Ter indicatie gaf Draghi aan dat indirecte effecten van lagere olieprijzen, onder andere op transportprijzen, een negatief effect op de inflatie kunnen hebben van 0,4 procentpunt in 2015. "De inflatie kan dus nog verder dalen dan het niveau van 0,3 procent afgelopen november. We kunnen niet toestaan dat dit voor langere tijd zo blijft."

De vrees is dat burgers en bedrijven gaan anticiperen op prijsdalingen en hun gedrag aanpassen. Dat kan in theorie leiden tot deflatie, een neerwaartse spiraal van lonen en prijzen, al nam Draghi het woord deflatie donderdag niet letterlijk in de mond.

Lage olieprijs mag niet leiden tot lagere lonen

Draghi gaf aan dat er enerzijds positieve koopkrachteffecten zijn van de recente forse daling van olieprijzen: energie wordt goedkoper voor consumenten en bedrijven.

Maar tegelijk is de centrale bank beducht dat lagere olieprijzen effect hebben op de uitkomst van loononderhandelingen en zo de structurele neerwaartse druk op lonen en prijzen versterken. Dat wil de centrale bank voorkomen, omdat dit een grote bedreiging zou zijn voor het economische herstel in de eurozone.

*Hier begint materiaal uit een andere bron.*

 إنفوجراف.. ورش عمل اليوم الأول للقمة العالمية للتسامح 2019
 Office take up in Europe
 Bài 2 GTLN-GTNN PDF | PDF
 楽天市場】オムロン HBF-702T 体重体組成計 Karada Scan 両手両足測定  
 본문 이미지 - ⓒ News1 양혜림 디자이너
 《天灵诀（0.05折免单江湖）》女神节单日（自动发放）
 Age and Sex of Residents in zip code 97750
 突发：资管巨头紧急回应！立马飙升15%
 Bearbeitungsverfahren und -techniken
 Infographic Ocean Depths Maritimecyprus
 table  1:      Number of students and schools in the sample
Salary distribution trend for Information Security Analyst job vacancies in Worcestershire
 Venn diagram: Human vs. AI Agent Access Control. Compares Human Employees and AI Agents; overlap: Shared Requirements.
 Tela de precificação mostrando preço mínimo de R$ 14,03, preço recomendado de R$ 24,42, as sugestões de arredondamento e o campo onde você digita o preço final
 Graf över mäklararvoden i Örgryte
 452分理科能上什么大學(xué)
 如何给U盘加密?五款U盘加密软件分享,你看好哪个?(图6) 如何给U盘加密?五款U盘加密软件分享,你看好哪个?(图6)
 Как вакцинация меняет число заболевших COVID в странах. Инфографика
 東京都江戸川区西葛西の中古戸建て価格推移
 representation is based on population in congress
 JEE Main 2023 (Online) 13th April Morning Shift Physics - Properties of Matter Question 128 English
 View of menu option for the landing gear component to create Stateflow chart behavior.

Per saldo is de ECB daarom van plan om begin 2015 - wanneer precies wilde Draghi donderdag niet zeggen - klaar staat om forse extra maatregelen te nemen.

Draghi gaf niet aan of het opkopen van staatsobligaties als middel wordt ingezet, als de ECB opnieuw in actie komt.  Met het opkopen van staatsobligaties kan de centrale bank marktrentes verder drukken. Lenen wordt dan nog goedkoper en de hoop is dat dit de kredietverlening stimuleert en de economische groei ondersteunt.

Monetaire financiering: Draghi staat klaar met geldpers

Wel gaf Draghi aan dat de bereidheid om extra maatregelen te nemen door de grote meerderheid van de leden van de ECB wordt gesteund, maar niet unaniem was. Het opkopen van staatsobligaties is ook besproken binnen het bestuur van de ECB.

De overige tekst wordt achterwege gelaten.